Figure 10.1 An example use of Graphviz

image

To produce this diagram, you provide the following code in the DOT language, which is an external DSL:

image

This example shows two kinds of things on the graph: nodes and arcs. Nodes are declared with the node keyword, but don’t have to be declared. Arcs are declared using the -> operator. Both nodes and arcs can be given attributes listed between square brackets.

Graphviz uses a Semantic Model in the form of a C data structure. The Semantic Model is populated by a parser using Syntax-Directed Translation and Embedded Translation written in Yacc and C. The parser makes good use of Embedment Helper. As it’s C, it doesn’t have a helper object, but a set of helper functions which are called in the grammar actions. As a result, the grammar itself is quite readable with short code actions that don’t obstruct the grammar. The lexer is handwritten, which is fairly common with Yacc parsers despite the presence of the Lex lexer generator.
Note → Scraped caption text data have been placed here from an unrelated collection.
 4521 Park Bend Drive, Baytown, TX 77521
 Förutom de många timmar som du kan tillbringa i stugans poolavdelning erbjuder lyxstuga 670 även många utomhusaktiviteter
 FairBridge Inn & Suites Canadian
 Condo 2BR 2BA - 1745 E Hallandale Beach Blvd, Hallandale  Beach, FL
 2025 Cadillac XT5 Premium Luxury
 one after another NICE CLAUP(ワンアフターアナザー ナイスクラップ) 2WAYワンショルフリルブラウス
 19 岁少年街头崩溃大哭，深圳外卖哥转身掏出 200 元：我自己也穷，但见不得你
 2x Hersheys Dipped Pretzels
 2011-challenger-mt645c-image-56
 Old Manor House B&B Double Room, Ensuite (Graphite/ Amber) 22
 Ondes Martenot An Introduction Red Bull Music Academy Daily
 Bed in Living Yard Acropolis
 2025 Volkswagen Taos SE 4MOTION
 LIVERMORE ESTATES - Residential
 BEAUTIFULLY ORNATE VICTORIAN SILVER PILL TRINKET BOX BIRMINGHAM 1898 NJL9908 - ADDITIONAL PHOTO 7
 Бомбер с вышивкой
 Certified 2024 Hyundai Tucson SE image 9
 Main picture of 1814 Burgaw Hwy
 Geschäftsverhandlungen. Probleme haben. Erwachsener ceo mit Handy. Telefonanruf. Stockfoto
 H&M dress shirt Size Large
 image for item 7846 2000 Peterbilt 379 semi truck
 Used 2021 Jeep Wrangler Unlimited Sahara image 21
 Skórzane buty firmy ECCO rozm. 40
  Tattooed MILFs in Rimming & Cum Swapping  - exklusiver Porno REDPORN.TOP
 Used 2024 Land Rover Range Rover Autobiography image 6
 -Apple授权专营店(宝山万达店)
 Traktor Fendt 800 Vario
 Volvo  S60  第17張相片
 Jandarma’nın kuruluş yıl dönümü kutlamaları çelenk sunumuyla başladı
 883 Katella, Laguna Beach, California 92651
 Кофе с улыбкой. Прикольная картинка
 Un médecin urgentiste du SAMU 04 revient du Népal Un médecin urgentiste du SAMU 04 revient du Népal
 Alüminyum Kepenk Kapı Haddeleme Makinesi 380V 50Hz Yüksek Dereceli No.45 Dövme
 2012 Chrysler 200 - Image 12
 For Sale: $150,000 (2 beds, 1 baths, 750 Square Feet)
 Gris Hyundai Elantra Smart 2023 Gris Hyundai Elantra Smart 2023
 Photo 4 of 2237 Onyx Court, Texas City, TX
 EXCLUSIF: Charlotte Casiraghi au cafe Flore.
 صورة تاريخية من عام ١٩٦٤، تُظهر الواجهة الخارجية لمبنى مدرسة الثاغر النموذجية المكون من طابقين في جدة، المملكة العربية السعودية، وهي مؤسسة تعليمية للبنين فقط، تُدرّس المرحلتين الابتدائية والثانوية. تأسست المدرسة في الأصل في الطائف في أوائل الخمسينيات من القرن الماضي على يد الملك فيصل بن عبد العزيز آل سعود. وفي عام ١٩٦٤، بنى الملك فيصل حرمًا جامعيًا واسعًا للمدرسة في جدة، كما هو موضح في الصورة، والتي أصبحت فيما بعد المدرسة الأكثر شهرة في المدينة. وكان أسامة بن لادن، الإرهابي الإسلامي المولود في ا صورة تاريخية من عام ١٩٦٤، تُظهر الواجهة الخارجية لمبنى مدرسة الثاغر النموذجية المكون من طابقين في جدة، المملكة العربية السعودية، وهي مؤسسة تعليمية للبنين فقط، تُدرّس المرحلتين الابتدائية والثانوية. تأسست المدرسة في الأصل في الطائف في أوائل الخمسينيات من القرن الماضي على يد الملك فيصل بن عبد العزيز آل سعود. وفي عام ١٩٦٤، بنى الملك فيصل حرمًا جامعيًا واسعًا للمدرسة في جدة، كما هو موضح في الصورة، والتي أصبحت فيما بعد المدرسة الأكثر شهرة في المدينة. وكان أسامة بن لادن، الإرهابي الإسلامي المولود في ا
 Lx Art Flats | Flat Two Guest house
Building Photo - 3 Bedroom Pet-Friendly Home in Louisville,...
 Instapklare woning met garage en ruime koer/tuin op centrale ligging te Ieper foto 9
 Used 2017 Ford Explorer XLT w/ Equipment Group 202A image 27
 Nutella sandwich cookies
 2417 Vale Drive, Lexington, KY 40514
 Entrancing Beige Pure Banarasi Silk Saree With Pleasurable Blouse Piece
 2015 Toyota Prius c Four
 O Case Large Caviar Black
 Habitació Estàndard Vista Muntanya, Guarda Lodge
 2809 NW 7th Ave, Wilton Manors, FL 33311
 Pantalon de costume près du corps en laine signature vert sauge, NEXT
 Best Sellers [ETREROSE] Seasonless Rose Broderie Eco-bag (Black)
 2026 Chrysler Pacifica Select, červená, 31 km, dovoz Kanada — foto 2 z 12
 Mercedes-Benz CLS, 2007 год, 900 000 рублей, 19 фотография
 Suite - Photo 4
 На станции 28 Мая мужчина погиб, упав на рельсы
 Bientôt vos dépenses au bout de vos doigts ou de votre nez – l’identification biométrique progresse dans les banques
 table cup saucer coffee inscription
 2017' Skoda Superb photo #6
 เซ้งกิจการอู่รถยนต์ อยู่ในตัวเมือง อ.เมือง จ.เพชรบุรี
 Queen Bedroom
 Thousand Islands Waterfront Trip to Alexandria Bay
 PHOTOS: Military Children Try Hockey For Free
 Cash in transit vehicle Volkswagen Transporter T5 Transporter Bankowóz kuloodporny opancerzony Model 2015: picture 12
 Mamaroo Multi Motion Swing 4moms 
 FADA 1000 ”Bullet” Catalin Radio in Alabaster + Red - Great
The real business of Graphviz occurs once the Semantic Model of nodes and arcs is populated. The package figures out how to lay the graph out onto a diagram and has rendering code that can render the graph in various graphics formats. All of this is independent of the parser code; once the script is turned into the Semantic Model, everything else is based on those C data structures.

The example I show uses semicolons as statement separators, but these are entirely optional.

10.2 JMock

JMock is a Java library for Mock Objects [Meszaros]. Its authors have written several mock object libraries, which have evolved their ideas of a good internal DSL for defining expectations on the mocks ([Freeman and Pryce] is an excellent paper that talks about this evolution).

Mock objects are used in testing. You begin the test by declaring expectations, which are methods that an object expects will be called on it during the test. You then plug in the mock object to the actual object you are testing and stimulate that actual object. The mock object then reports if it received the correct method calls, thus supporting Behavior Verification [Meszaros].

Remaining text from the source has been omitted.